Maximality, cardinality
Recall our class discussion of the examples in (6).
(6) a. Fewer than 10 students read War and Peace.
b. Fewer than 10 students surrounded the fort
(i) Adopting the same assumptions we relied on in class otherwise, what happens if we replace Buccola & Spector’s lexical entry for many with the one in (7)?
(7) [[many]] = λd. λx. card(x) ≥ d
(ii) What happens if we replace Buccola & Spector’s notion of maximal informativity with the perhaps more standard one in (8) (cf. Fox & Hackl 2006)?
(8) maxi(w)(D)(d) = 1 iff D(w)(d) ∧ ∀d’(D(w)(d’) → (λw.D(w)(d) ⇒ λw.D(w)(d’)))
(Provide the computations of the truth-conditions in support of your answers, and consider in particular what is predicted about the acceptability of any in such sentences.)
DP-internal construal
Is it possible to interpret fewer than 10 in the above sentences within the DP? (Consult Heim & Kratzer, Ch. 8, for discussion of the DP-internal interpretations of quantifiers.) If this is the case, do we find a constituent that is SER with respect to any book on such a representation?

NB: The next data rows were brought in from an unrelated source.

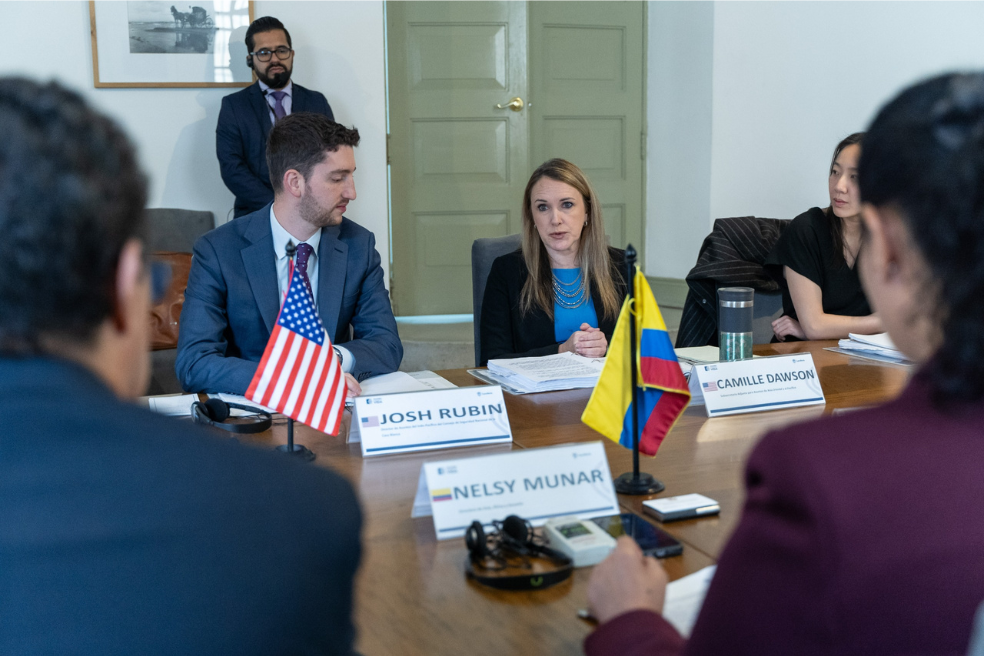 Camille Dawson, delegada del Gobierno de Joe Biden para asuntos de Asia Oriental y el Pacífico, se reunió en Colombia con delegados de la Cancillería.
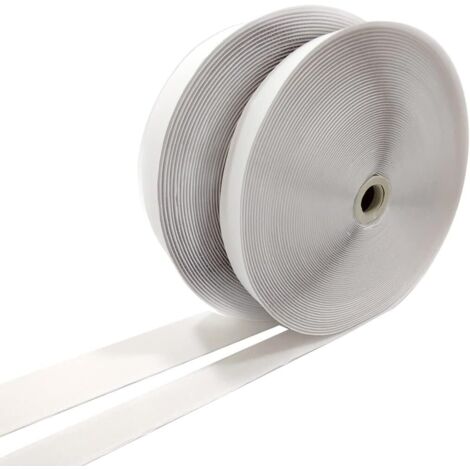 Rollo de 50 metros de cinta adhesiva de felpa de doble cara para pegar cortinas, alfombras, telas, mosquiteras, fotos, adhesivo fuerte, sistema autoadherente (2 x 25 m, felpa blanca, 20 mm)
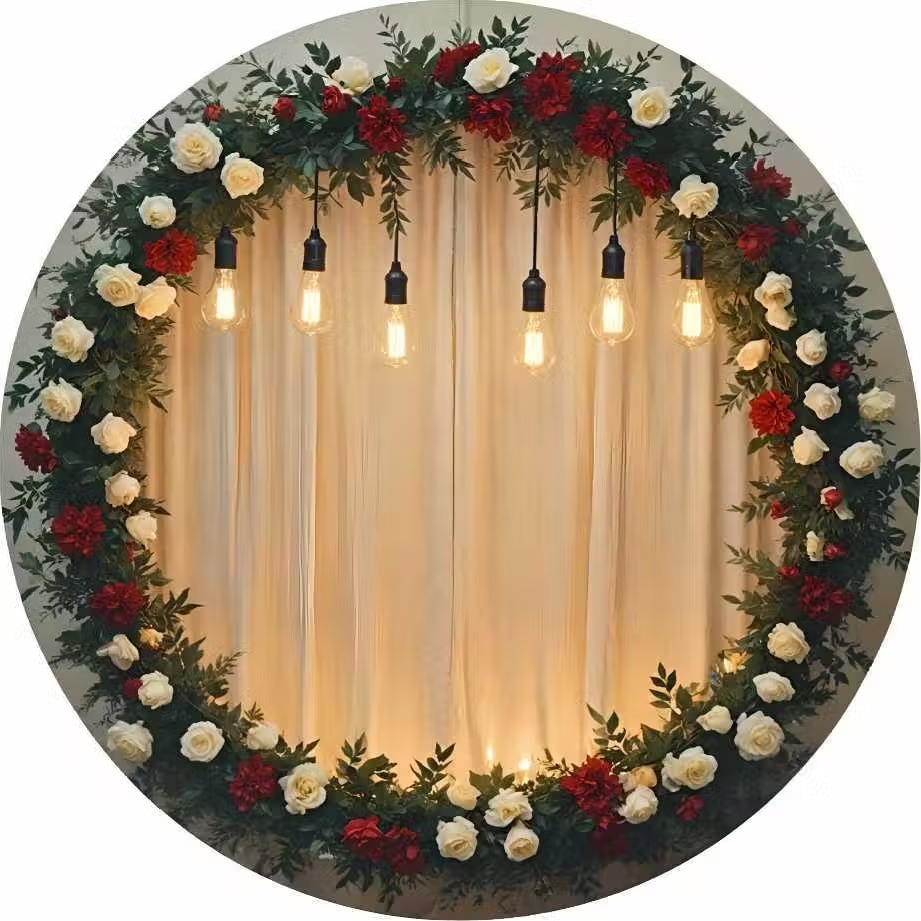Capa Painel Redondo Floral Romântico Branco E Marsala - Casamento Noivado Bodas - Neide Locações pegue e Monte 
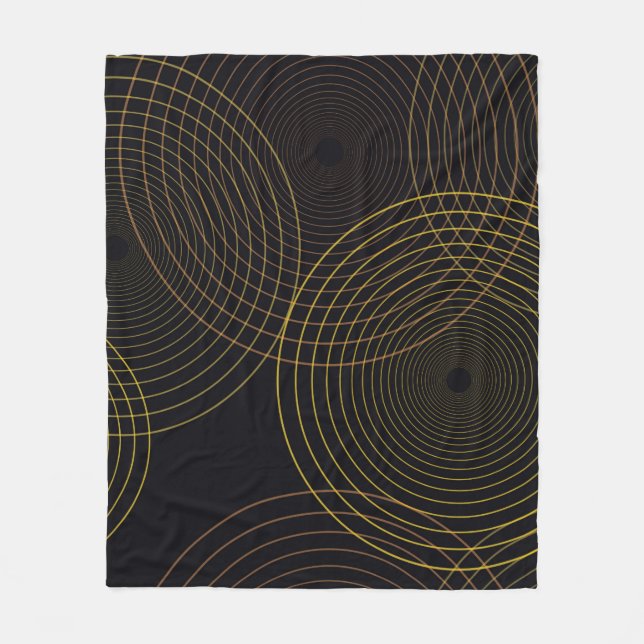 Simple, modern, cool, trendy thin line circles fleece blanket (Front)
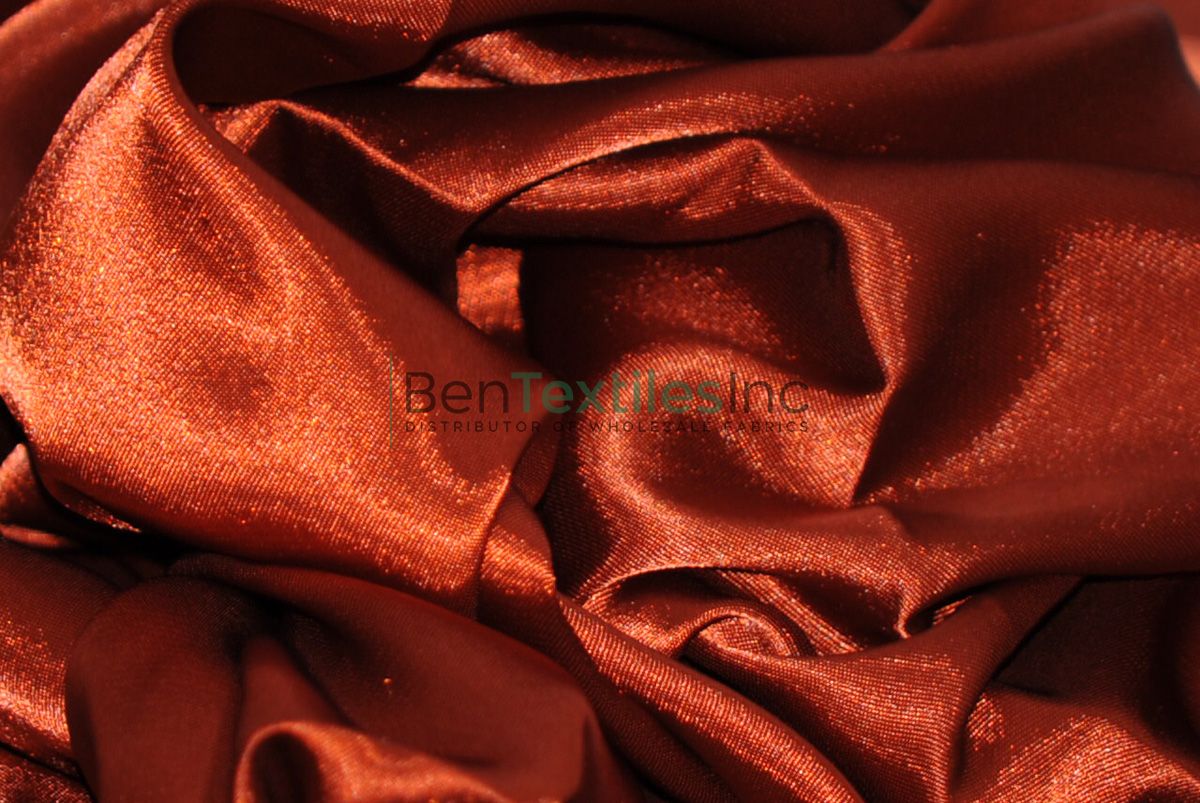 Rust Red Stretch Silk Charmeuse Fabric for Fashion 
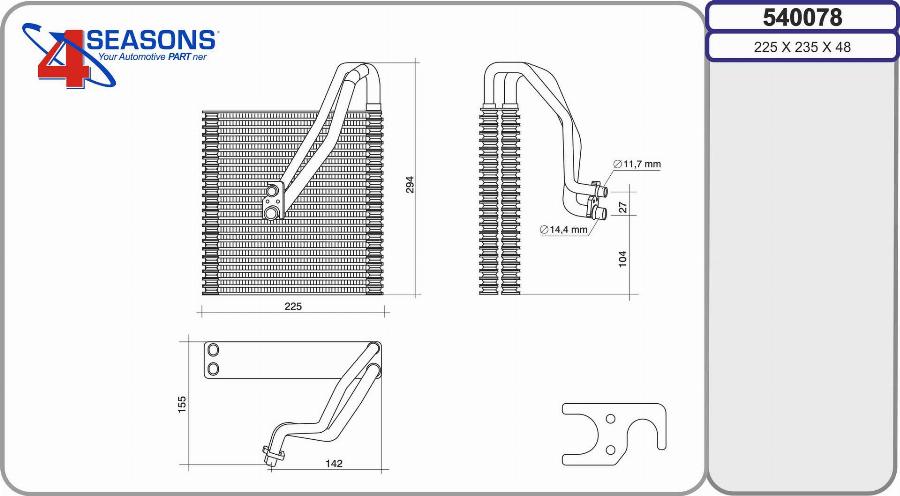 AHE 540078 - Випарник, кондиціонер autocars.com.ua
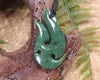 Hei Matau or Fish Hook carved from Hapopo Pounamu - NZ Greenstone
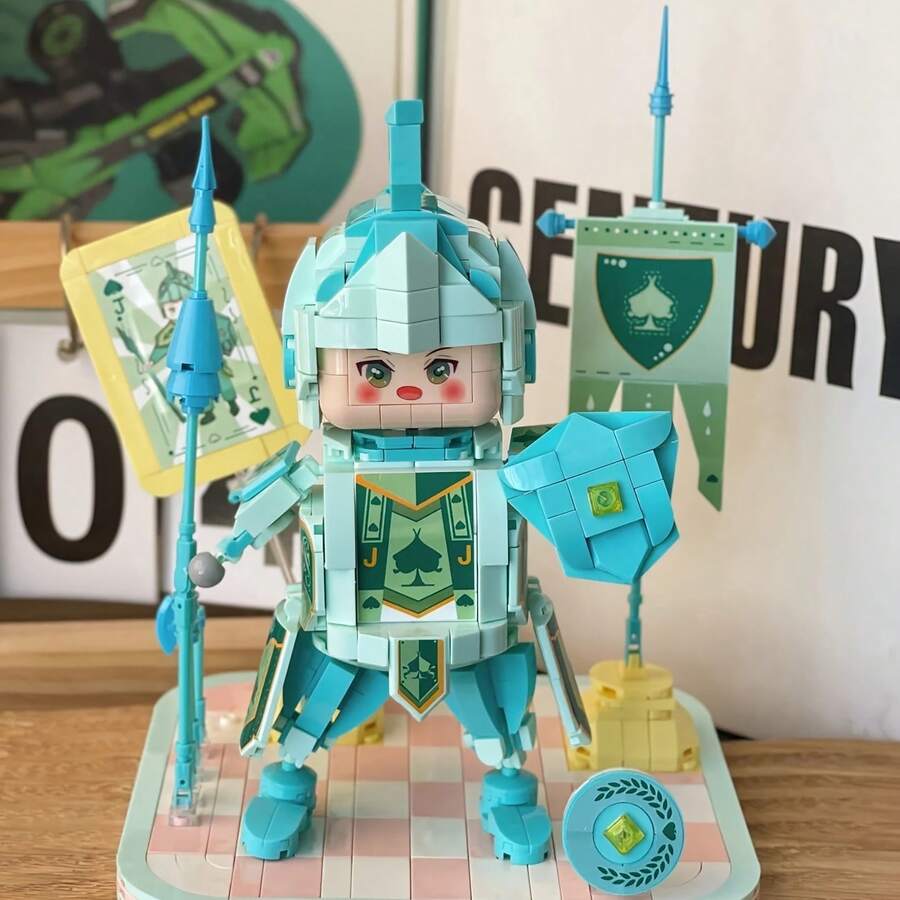 773PCS, Cute Medieval Knight Building Blocks Set, Poker Kingdom Spade J Knight Collectible Figure, DIY Micro Particle Building Blocks Model, Desktop Ornament Gift - 1 Item - View 1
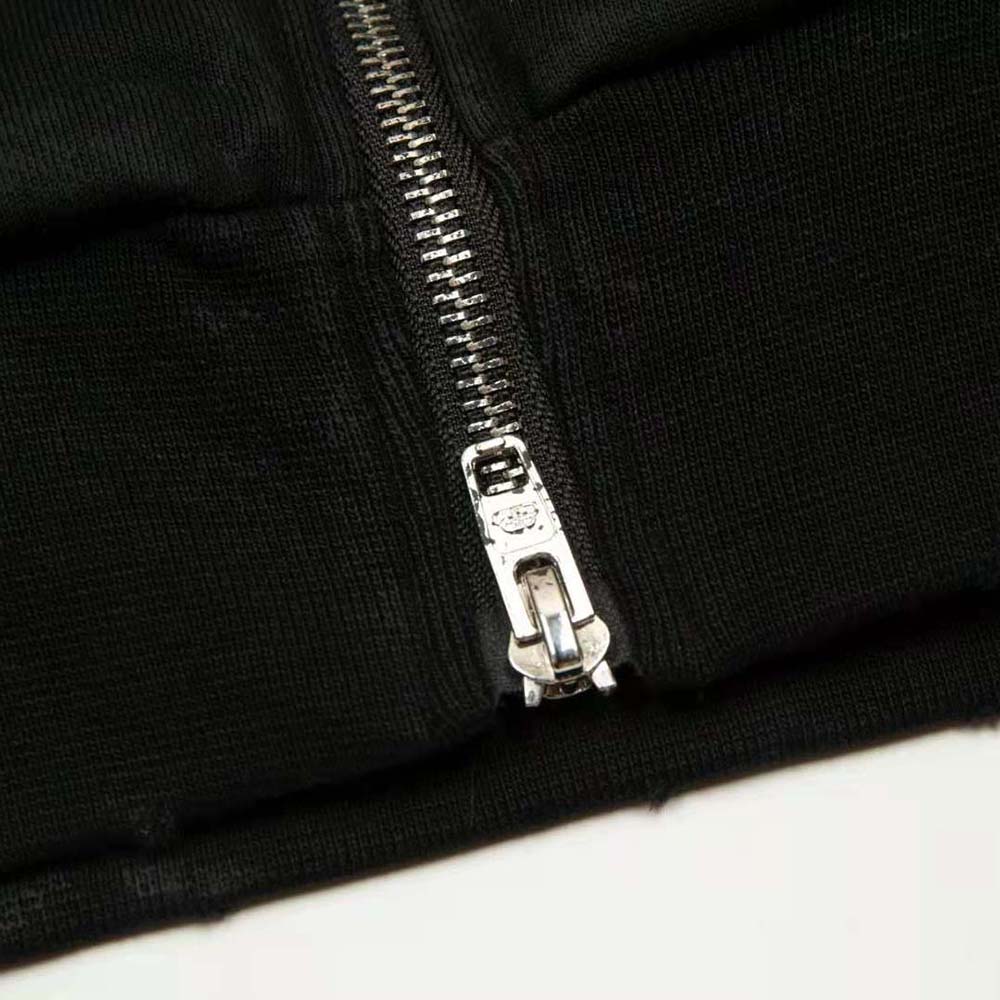 Balenciaga Women Heavy Metal Zip-Up Hoodie Small Fit in Black Curly Fleece - image 9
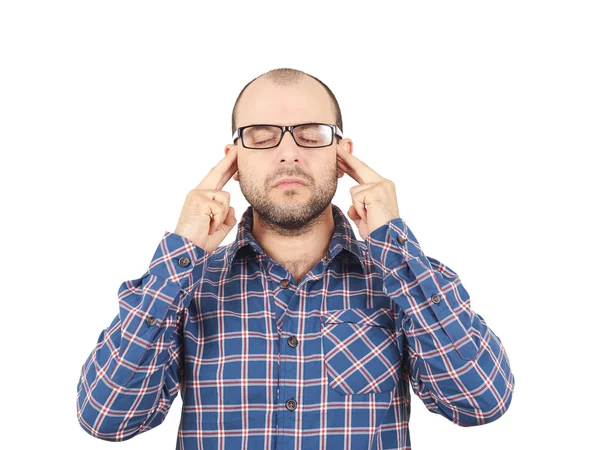 Hombre con gafas sosteniendo la cabeza con las manos . —  Fotos de Stock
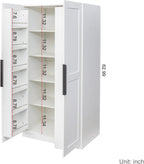 62.99in Kitchen Pantry Cabinet, Freestanding Buffet Cupboards Sideboard with Doors & Shelves, Kitchen Pantry Storage Cabinet Multiple Storage Space, for Living Dinning Room (White)
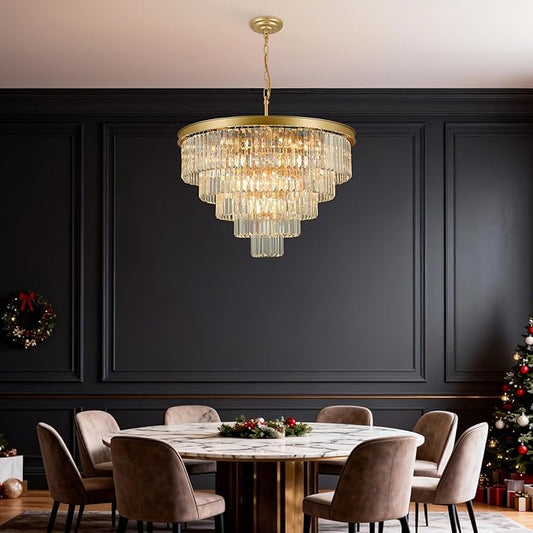 Crystal Chandeliers for Dining Room Lights Fixture Over Table, 20 Lights Gold Modern Chandeliers for Living Room, 5-Tier Round Crystal Lighting Fixtures for Bedroom Entryway Kitchen Island D30 Inch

(9) Fewer than 10 students who read any book surrounded the castle.
No maximality
The notion of maximality played a crucial role in Buccola & Spector’s accounting for the distribution of any with modified numeral quantifiers. However, we can choose different ingredients (theories) in our decomposition. Let us adopt (10) and (11), that is, assume that we decompose fewer than 10 into comparative er than 10 and antonymizer little (cf. Heim 2006); we keep ∃, many as defined in class.
(10) [[little]](d)(D) = 1 iff ¬D(d)
(11) v1. [[er than 10]](D) = 1 iff {10} ⊂ D
v2. [[er than 10]](D) = 1 iff {10, … ∞} ⊂ D
(i) Provide the LFs (incl. DP-internal construals) of the sentences in (12). (In these, the er than 10 -phrase should start out as a complement of little, and the little-phrase should start out as a sister of many. See slides #1, p. 13 / Filipe’s question for inspiration.)
(12) a. Fewer than 10 students read War and Peace.
b. Fewer than 10 students surrounded the fort.
(ii) Do the interpretations that we get for these LFs correspond to our intuitions? Do these LFs and their interpretations allow us to capture the distribution of any in such sentences? If not, what could be seen as the source of the problem?
Definite descriptions and operators
Recall the operators-based formulation of the Condition, repeated here:
(13) a. A DP headed by any is acceptable only if it is c-commanded by an expression that denotes an SER function.
b. A function f of type (στ) is SER iff for all x, y of conjoinable type σ: if x⇒sy, then f(y)⇒sf(x).
(i) What does the Condition predict about the acceptability of the sentences in (14) and (15)?
(ii) If the predictions are incorrect, can you think of a modification of the Condition, or the analysis of definite descriptions, or something else (be reasonable), that would yield the right results?
(14) a. *John talked to the girl who read any book.
b. *John didn’t talk to the girl who read any book.
(15) The mayor with any sense will control the school board.
(iii) What do we need to assume in order for the Condition to predict that (16) is acceptable?
(16) The workers who attended any DSA rallies were fired.